When Fred Gray was frantically applying to every professor job that came open more than a decade ago, he never could have imagined where he’d be today.
Gray, who is entering his 11th year in the physics department, likes his niche at Regis University.
“At this point I can’t imagine doing anything else,” he said. “I can’t imagine a better community.”
Gray has certainly seen the community grow up. When he started, he was the physics department. Now the department has three full-time faculty. Former students who are now physicians pop in.
“Oh, they are really doing some cool things,” he said.
Gray chatted about his latest work, what it means and what’s next.
Tell us about your research.
I'm working with a group that is replicating the experiment that I did as a graduate student.
Every summer I take two to three students out to Fermilab near Chicago. Subatomic particles constitute all matter in the universe. We’re trying to find out if there is something more out there. It’s a search for new physics. Essentially, we input muons into a big magnet and watch how their spins change over time. From there we can see if we discover anything new.
You’ve been working on this for a long time. Why keep doing it?
I’ve always been fascinated by the questions: “What is it all made of?” and “How did we get here?” Also, “Why is there stuff?” There is 5.5 times more dark matter in the universe than normal matter. There is more stuff that we don’t understand than we do understand. That’s why we need to keep looking.
Why not focus on something that has an easier answer or something that has tangible effects on people?

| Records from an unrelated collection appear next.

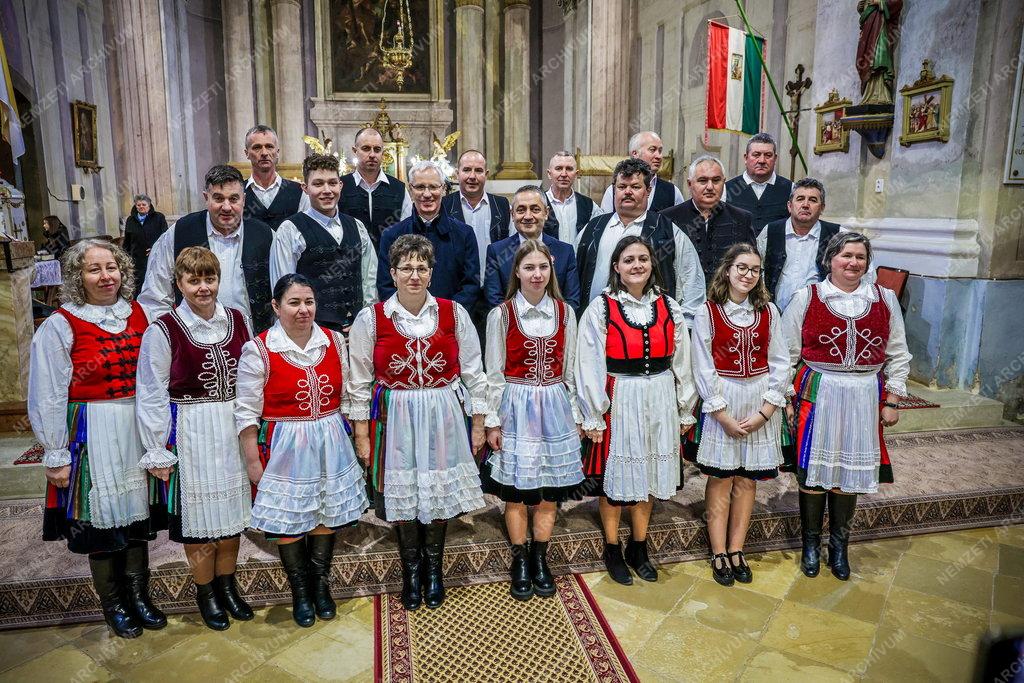 Felújították a Szentháromság templomot a Tolna vármegyei Tevelen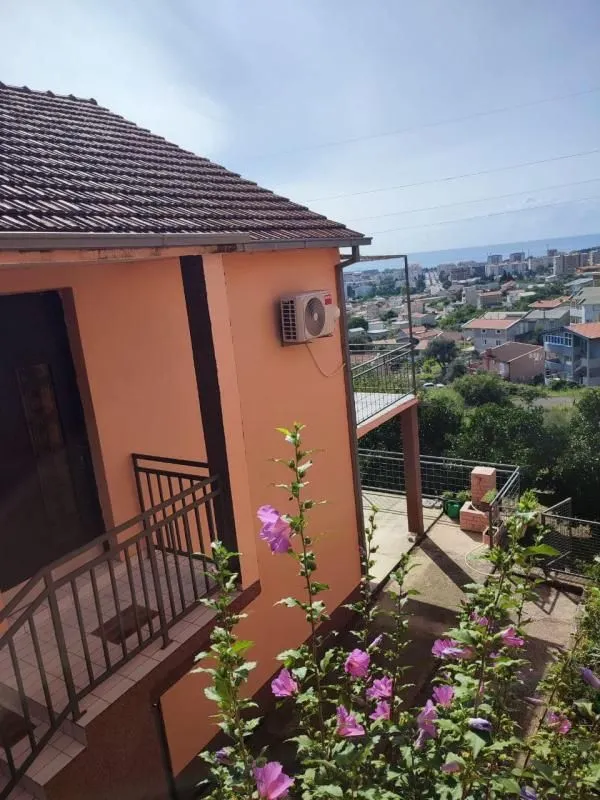 Sale, house, 200m², Bjeliši, Bar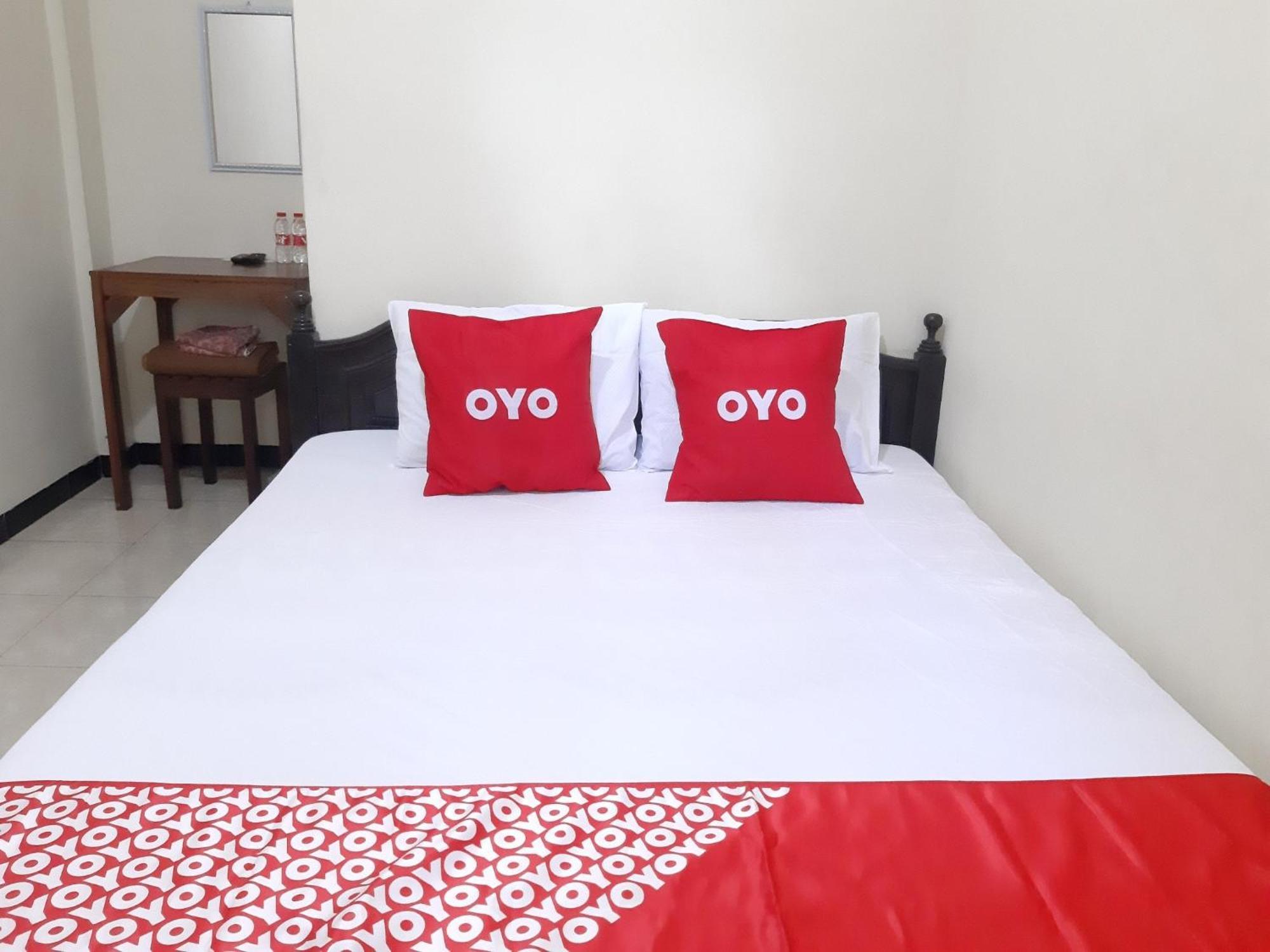 Oyo 2826 Panderman Residence Blitar Eksteriør bilde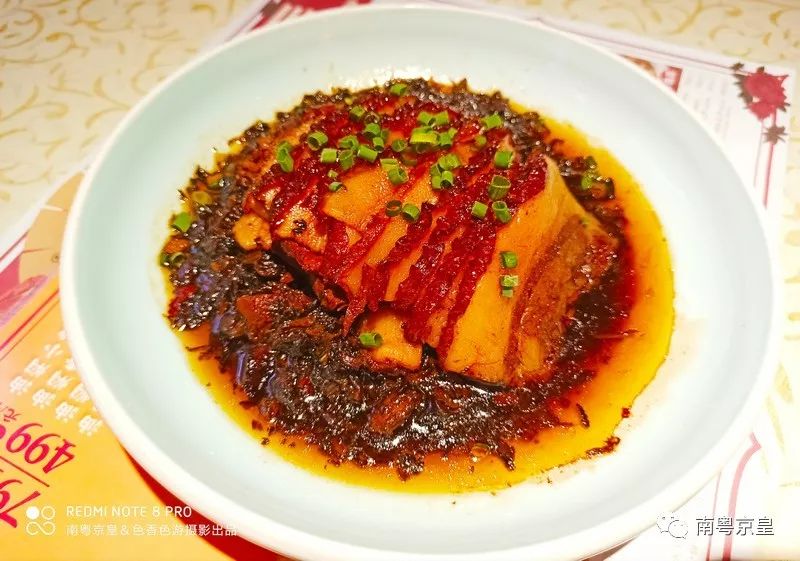 羊城飘逸着最傲娇的色彩——中国红，要的就是这个味儿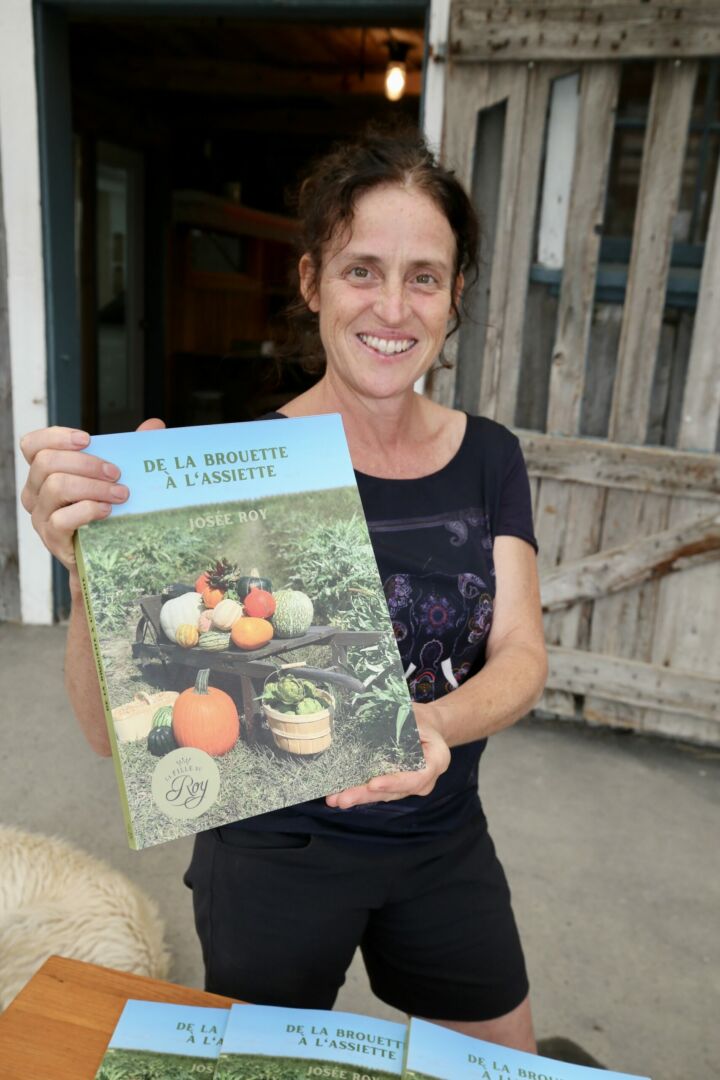 Le nouveau livre de recettes De la brouette à l’assiette permet aux amateurs de cuisine de concocter des recettes simples avec des ingrédients qu’on trouve facilement dans n’importe quel garde-manger. Photo Robert Gosselin | Le Courrier ©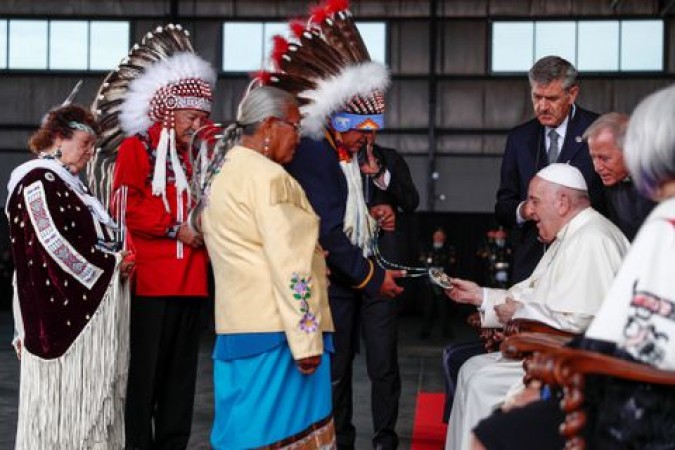 Pope arrives in Canada to apologize to indigenous groups for mistreatment of Catholic schools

It’s a fair question. Ultimately, it’s a question of our humanity. Not everything has to be practical. When you’re telling stories of what the universe is made of, there are varying levels of realism. We all want to know what this cosmic soup is we are all swimming in. If the universe is this fancy watch, well then, what makes it tick? Historically, when we find out more about how the universe works, we always find a practical use for it, one that we wouldn’t have even dreamt about.